Why does my cat--my very PICKY cat, no less--like to eat algae?

Any ideas?

Anyone?


----------



## coaster (Dec 1, 2004)

Cats do like to get a little bit of greens in their diet. One reason they go after houseplants. I suppose the same would apply to your algae. Just curious though, did this just happen today?


----------



## MarkT (Jan 17, 2005)

I wouldn't let him make a habit of eating the algae. Just get him some cat treats and let him have them. I can't say that there would be anything in the algae wafers that would harm him in the long run but, just to play it safe, I would keep them where he can't get to them.


----------



## Rosewood (Apr 18, 2004)

No; didn't just happen today--she eats my algae tabs any time she can get to them. I keep them in a drawer so she can't find them, but I have to be really, really careful not to leave the drawer open. 

She is a she, by the way.

edit: She won't eat cat treats.

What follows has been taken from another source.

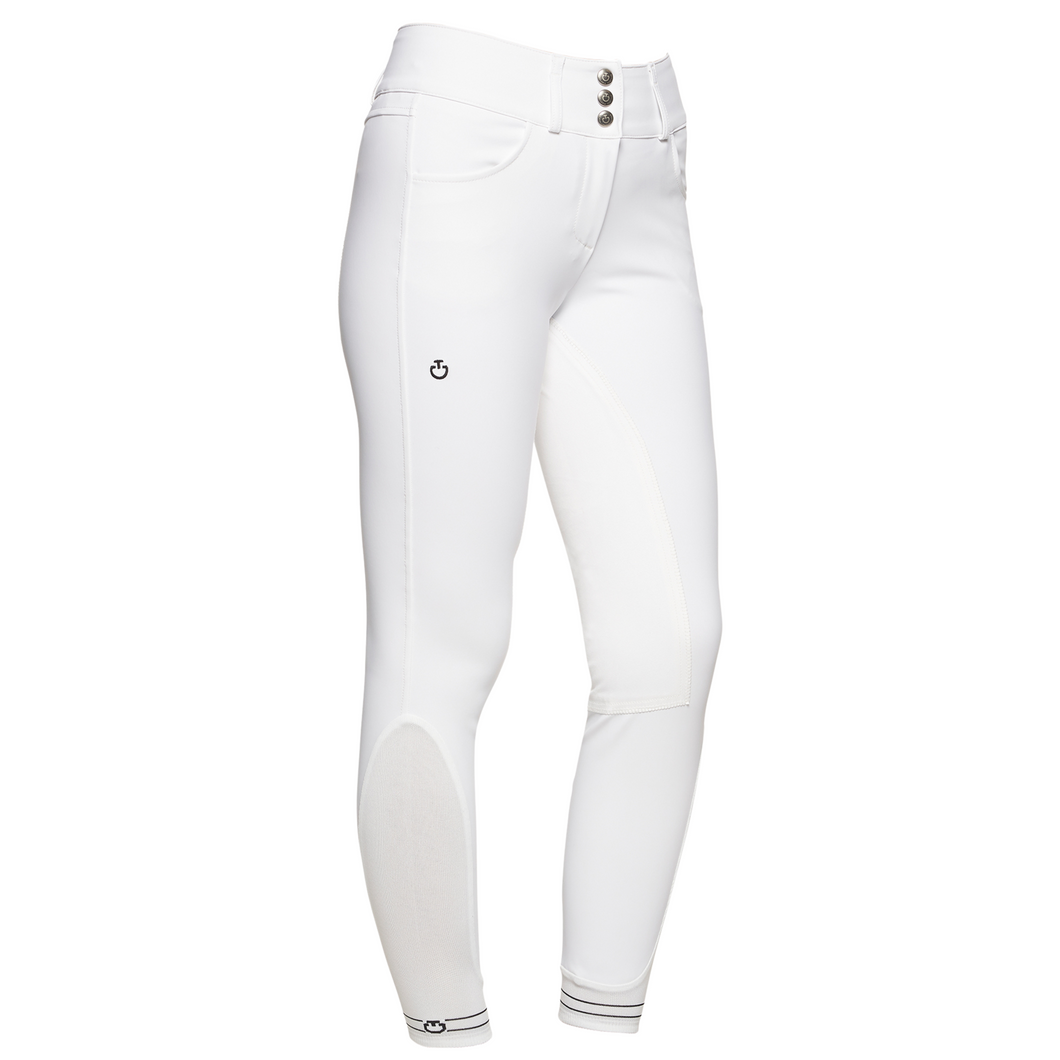 Cavalleria Toscana High Waist (3 Button) Breeches - White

I've tried that.


----------



## BoscosMum (Apr 29, 2004)

Hmmmmm? Weird?


----------



## Lynda J (Sep 8, 2004)

I don't think algea will hurt your cat. I take Spirulena every day. It's bluegreen alga which is full of beta carotenoin. 
I have 5 fish tanks and they only require one alga eater per tank to keep mine clear. If you are needing that many bottom feeders in your tank to keep the alga under control something else is going on. One inch of fish body length per gallon of water. The only one of my tanks I have any trouble with is the one with the Firemouths. Seems there is always a yellow cast to the water no matter what I do, but it is clear.


----------



## emrldsky (Aug 31, 2004)

Lynda J said:


> I don't think algea will hurt your cat. I take Spirulena every day. It's bluegreen alga which is full of beta carotenoin.
> I have 5 fish tanks and they only require one alga eater per tank to keep mine clear. If you are needing that many bottom feeders in your tank to keep the alga under control something else is going on. One inch of fish body length per gallon of water. The only one of my tanks I have any trouble with is the one with the Firemouths. Seems there is always a yellow cast to the water no matter what I do, but it is clear.


I understood the # of bottom feeders was because she liked them, and needed the algae tablets to keep them fed. I don't know much about fish, so I could be wrong.


----------



## BoscosMum (Apr 29, 2004)

Yup....she likes the bottom feeders.
Me too...I dont know what it is about them.
I always had like 10 in my tanks.


----------